## Assignment
Print this span of the material below exactly: the line with "Видео: Наше путешествие", the line with "Свеча в торт", and every line between them, but nothing else.

START Exercise inputs

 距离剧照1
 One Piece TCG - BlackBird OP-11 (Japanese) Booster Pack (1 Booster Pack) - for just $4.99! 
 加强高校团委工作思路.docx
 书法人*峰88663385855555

END Exercise inputs
START Exercise inputs

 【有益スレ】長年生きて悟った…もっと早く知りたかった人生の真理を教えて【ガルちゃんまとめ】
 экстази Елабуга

END Exercise inputs
START Exercise inputs

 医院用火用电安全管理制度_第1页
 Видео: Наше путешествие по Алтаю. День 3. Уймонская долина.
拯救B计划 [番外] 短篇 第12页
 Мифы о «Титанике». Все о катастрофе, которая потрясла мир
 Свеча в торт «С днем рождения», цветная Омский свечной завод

END Exercise inputs

## Written answer
 Видео: Наше путешествие по Алтаю. День 3. Уймонская долина.
拯救B计划 [番外] 短篇 第12页
 Мифы о «Титанике». Все о катастрофе, которая потрясла мир
 Свеча в торт «С днем рождения», цветная Омский свечной завод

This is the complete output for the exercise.